Source records START
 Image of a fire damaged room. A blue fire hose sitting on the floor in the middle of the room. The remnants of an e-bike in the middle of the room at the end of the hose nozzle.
Source records END
Source records START
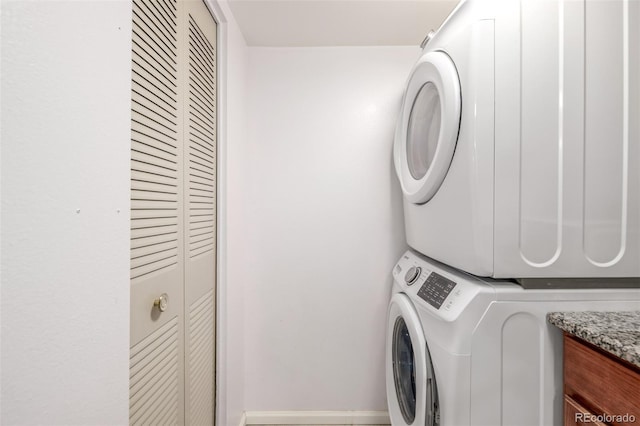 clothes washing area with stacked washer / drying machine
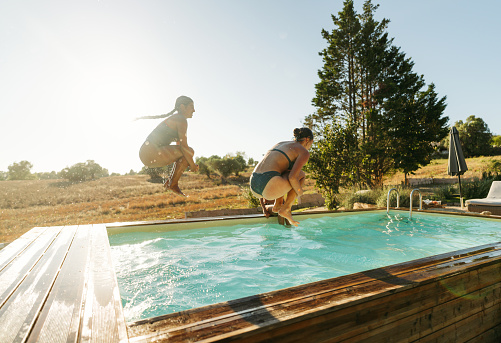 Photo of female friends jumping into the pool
Source records END
Source records START
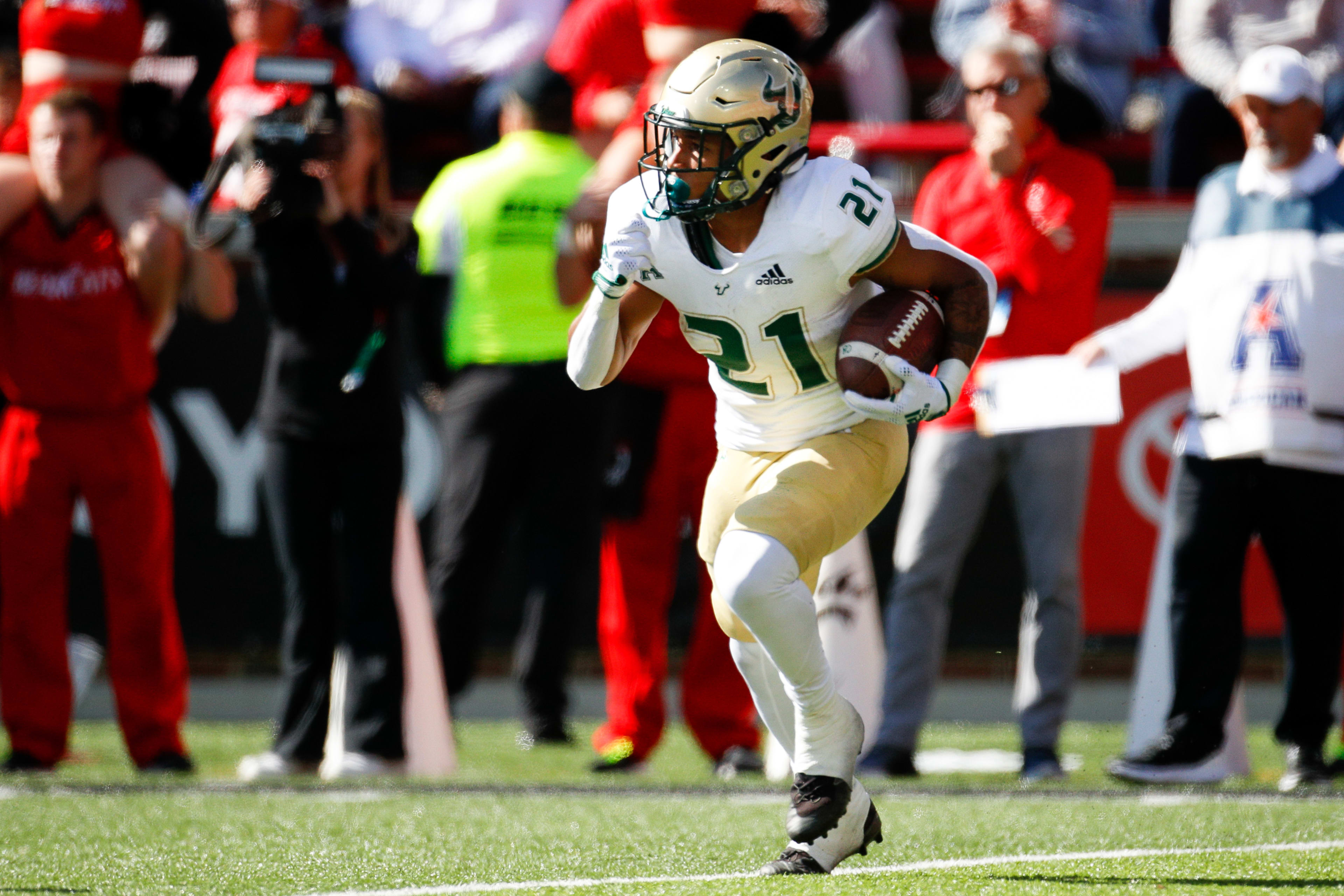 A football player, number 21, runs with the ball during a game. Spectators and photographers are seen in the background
Source records END
▸ Brief
Print, exactly, each line above from the one with "clothes washing area" to the one with "Photo of female", end lines included. Leave pictures out of it.

▸ Answer
 clothes washing area with stacked washer / drying machine
 Photo of female friends jumping into the pool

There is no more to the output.